TABLE SALT WELLS
- Grant Recipient
Industry & Commerce
- Salt Point Natural Area, Lansing, NY 14882, USA
- 42.5399318, -76.5485431
Friends of Salt Point Limited
TABLE SALT WELLS
InscriptionTABLE SALT WELLS
FROM 1891-1962, CAYUGA LAKE
SALT CO. PUMPED BRINE FROM
WELLS HERE TO PRODUCE REFINED
SALT FOR FOOD & COOKING.
PLANT DEMOLISHED 1964.
WILLIAM G. POMEROY FOUNDATION 2020
From 1891 to 1962, the Cayuga Lake Salt Company produced refined salt from brine pumped from wells drilled on the east shore of Cayuga Lake, near the mouth of Salmon Creek in the hamlet of Ludlowville, located in the town of Lansing in Tompkins County, New York. The Cayuga Lake Salt Company was incorporated in August 1891 by Royal V. Lamberson, John A. Clute, Luther B. Van Kirk, Arthur Oliver, and Warren W. Clute, all of Warsaw, New York, “to drill wells, pump brine, mine, manufacture and sell salt” (Rochester Democrat and Chronicle, August 17, 1891). The company erected a plant and warehouses on the shores of the lake, conveniently positioned for both boat and rail shipment of the salt. According to the 1894 Landmarks of Tompkins County, the company quickly grew to employ around 100 people, producing 1,000 barrels a day.
On March 1, 1907, the Ithaca Daily Journal ran an article on “The Salt Fields of Cayuga Lake.” The article recounted how the Cayuga Lake Salt Company and the salt industry on Cayuga Lake came to fruition:
“In 1891 the pioneer well drilling along the shores of Cayuga Lake was begun in earnest. Boring to the depth of 1,420 feet Mr. Lamberson’s enterprise was rewarded by striking a vein of salt which proved to be 28 feet in thickness. Three feet of limestone was then passed through when another vein o’ salt 70 feet in thickness was found. Drilling was then discontinued.”
The Ithaca Daily Journal article continued, noting the current state of the Cayuga Lake Salt Company, which had been acquired by the International Salt Company in 1904, and was operating as a branch of the larger corporation:
“… the works have been entirely renovated and a new system of multiple effect vacuum pans took the place of the old system of vaporizing. The plant now has a capacity of 400 tons a day output. Last summer the large storage part of the building caved in and the building has been partially repaired. The work of rebuilding will be continued as soon as possible in the spring and with the increased storage capacity it is expected 20,000 tons of salt can be placed in the building. The company now has six wells into the depths of the earth.”

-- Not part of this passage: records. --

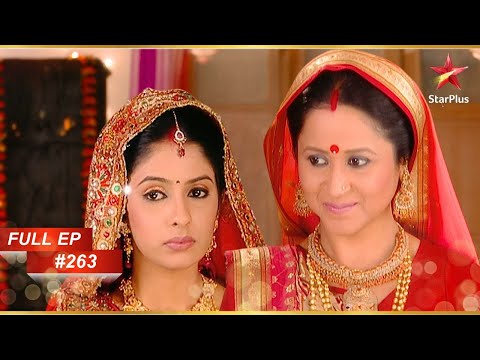 Aarushi Gets Blessed! | Full Episode: 263 | Mann Kee Awaaz Pratigya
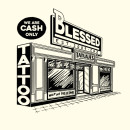 Blessed Tattoo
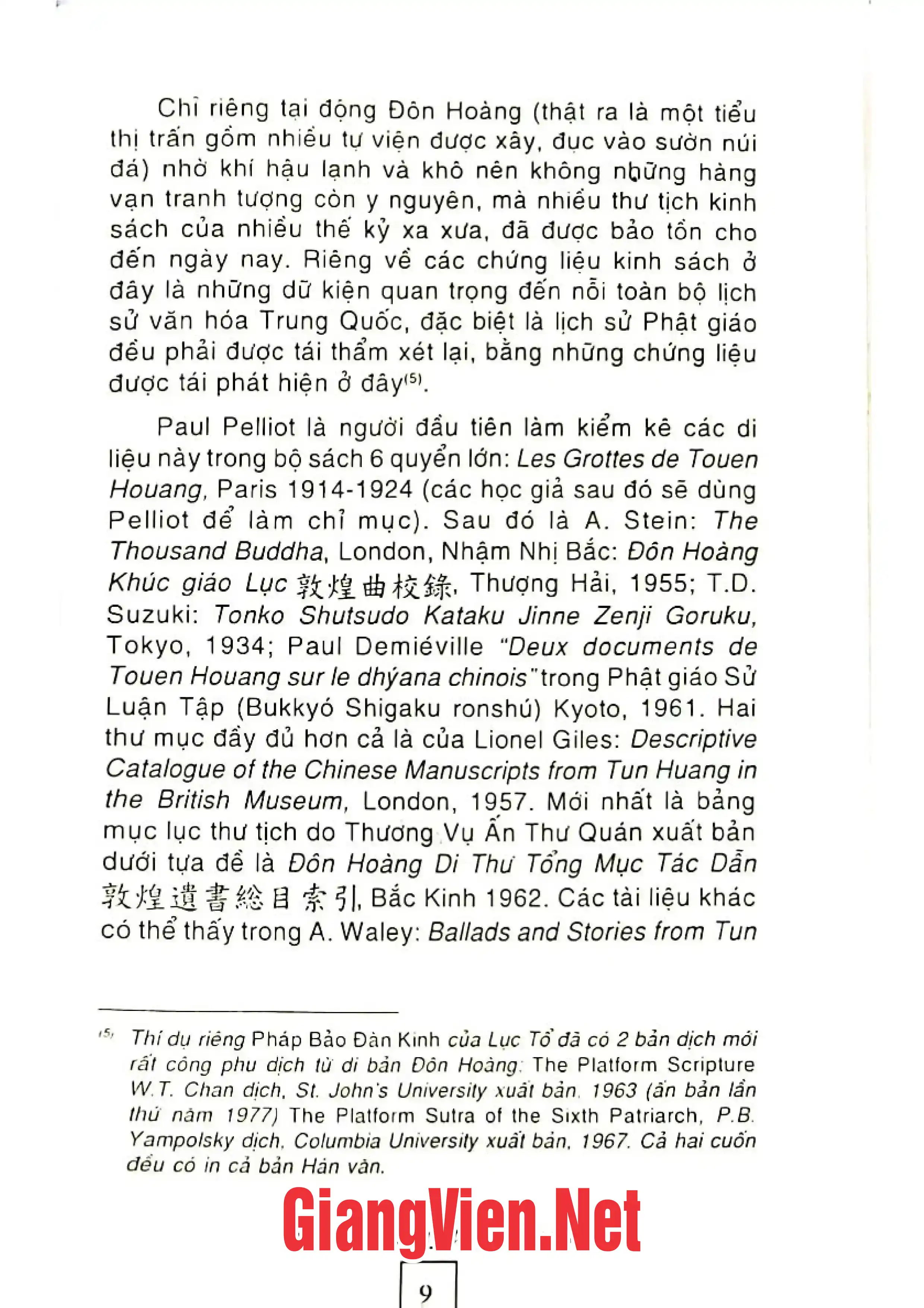 Nội dung mục lục và hình ảnh sách Pháp thiền Trần Nhân Tông - Trang 5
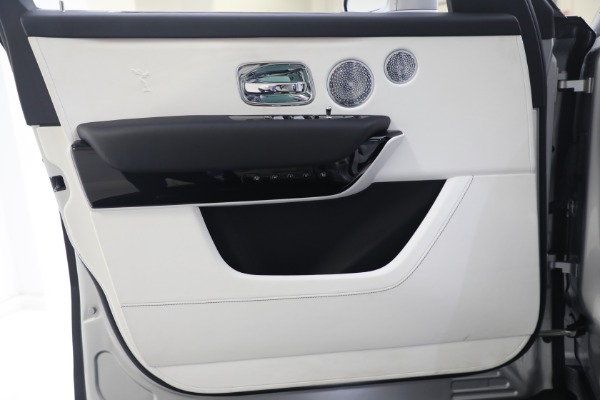 Used 2020 Rolls-Royce Cullinan for sale $305,895 at Alfa Romeo of Westport in Westport CT 06880 25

Due to cost saving measures, the International Salt Company closed the Ludlowville plant in 1962, and the abandoned buildings were demolished shortly after in 1964. As of 2022, the location of the former plant has been repurposed as Salt Point Natural Area, with walking trails featuring local trees and wildflowers and scenic views of Cayuga Lake.